__TASK ITEM__: Where the listing below has a line with "Pass & Seymour", write out exactly that line and every line after it, stopping after the line with "Lô bạch thủ – Bí kíp vào bờ từ cao thủ lô đề".

__RECORDED INFORMATION__:
○ ○ ○ ○ ○
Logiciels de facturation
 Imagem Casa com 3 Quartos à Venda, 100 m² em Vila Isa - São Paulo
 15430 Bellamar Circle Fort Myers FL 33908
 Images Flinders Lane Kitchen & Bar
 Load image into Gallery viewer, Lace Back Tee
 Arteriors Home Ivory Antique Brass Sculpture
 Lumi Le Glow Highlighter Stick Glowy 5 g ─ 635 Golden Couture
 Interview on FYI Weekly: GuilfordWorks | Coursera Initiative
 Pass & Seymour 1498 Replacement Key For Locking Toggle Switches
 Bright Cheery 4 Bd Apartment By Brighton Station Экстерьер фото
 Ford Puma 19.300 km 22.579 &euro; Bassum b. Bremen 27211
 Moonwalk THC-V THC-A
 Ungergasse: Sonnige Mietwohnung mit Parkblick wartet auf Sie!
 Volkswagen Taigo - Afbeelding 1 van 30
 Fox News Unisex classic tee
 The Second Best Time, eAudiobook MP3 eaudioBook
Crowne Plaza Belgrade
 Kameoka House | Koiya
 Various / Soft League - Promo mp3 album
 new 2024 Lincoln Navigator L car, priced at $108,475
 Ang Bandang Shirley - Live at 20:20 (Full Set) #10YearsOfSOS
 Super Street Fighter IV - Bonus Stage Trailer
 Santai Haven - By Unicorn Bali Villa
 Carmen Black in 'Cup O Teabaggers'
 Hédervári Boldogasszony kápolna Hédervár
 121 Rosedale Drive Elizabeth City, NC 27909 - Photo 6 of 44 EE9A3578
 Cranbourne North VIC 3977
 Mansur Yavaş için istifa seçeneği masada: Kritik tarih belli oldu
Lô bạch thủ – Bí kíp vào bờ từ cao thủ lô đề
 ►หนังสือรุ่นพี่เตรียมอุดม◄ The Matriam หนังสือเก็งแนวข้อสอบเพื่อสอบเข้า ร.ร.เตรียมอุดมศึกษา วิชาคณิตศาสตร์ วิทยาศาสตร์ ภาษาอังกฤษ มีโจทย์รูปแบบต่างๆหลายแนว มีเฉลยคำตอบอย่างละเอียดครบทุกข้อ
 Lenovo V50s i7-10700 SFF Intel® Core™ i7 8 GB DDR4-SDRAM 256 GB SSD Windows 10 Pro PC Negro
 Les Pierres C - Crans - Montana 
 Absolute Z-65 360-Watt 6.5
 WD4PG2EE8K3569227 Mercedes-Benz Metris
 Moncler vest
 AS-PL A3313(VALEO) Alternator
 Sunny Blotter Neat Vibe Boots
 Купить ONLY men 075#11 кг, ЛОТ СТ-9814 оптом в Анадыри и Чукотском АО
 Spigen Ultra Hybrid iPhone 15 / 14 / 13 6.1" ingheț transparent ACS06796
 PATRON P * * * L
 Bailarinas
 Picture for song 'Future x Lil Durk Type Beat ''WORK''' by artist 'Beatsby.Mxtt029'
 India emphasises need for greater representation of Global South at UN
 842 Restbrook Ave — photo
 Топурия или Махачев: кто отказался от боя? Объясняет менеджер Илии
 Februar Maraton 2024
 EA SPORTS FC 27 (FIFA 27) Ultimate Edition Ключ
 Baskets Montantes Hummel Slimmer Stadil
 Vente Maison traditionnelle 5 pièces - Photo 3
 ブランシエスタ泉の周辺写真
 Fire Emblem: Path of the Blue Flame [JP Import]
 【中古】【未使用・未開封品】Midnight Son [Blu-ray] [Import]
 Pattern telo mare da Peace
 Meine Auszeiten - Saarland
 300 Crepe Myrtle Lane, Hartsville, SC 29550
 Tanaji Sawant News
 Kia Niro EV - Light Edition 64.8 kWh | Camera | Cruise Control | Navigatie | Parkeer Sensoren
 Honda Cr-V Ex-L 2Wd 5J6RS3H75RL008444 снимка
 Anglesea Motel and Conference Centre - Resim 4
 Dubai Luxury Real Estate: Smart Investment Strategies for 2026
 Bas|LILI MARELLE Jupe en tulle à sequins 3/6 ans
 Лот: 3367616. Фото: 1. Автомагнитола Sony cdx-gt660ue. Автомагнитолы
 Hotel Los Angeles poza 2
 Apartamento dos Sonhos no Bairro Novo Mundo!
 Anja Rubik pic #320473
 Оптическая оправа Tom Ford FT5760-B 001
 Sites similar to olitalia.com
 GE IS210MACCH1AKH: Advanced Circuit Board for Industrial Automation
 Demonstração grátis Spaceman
○ ○ ○ ○ ○
__ANSWER TO THIS TASK__:
 Pass & Seymour 1498 Replacement Key For Locking Toggle Switches
 Bright Cheery 4 Bd Apartment By Brighton Station Экстерьер фото
 Ford Puma 19.300 km 22.579 &euro; Bassum b. Bremen 27211
 Moonwalk THC-V THC-A
 Ungergasse: Sonnige Mietwohnung mit Parkblick wartet auf Sie!
 Volkswagen Taigo - Afbeelding 1 van 30
 Fox News Unisex classic tee
 The Second Best Time, eAudiobook MP3 eaudioBook
Crowne Plaza Belgrade
 Kameoka House | Koiya
 Various / Soft League - Promo mp3 album
 new 2024 Lincoln Navigator L car, priced at $108,475
 Ang Bandang Shirley - Live at 20:20 (Full Set) #10YearsOfSOS
 Super Street Fighter IV - Bonus Stage Trailer
 Santai Haven - By Unicorn Bali Villa
 Carmen Black in 'Cup O Teabaggers'
 Hédervári Boldogasszony kápolna Hédervár
 121 Rosedale Drive Elizabeth City, NC 27909 - Photo 6 of 44 EE9A3578
 Cranbourne North VIC 3977
 Mansur Yavaş için istifa seçeneği masada: Kritik tarih belli oldu
Lô bạch thủ – Bí kíp vào bờ từ cao thủ lô đề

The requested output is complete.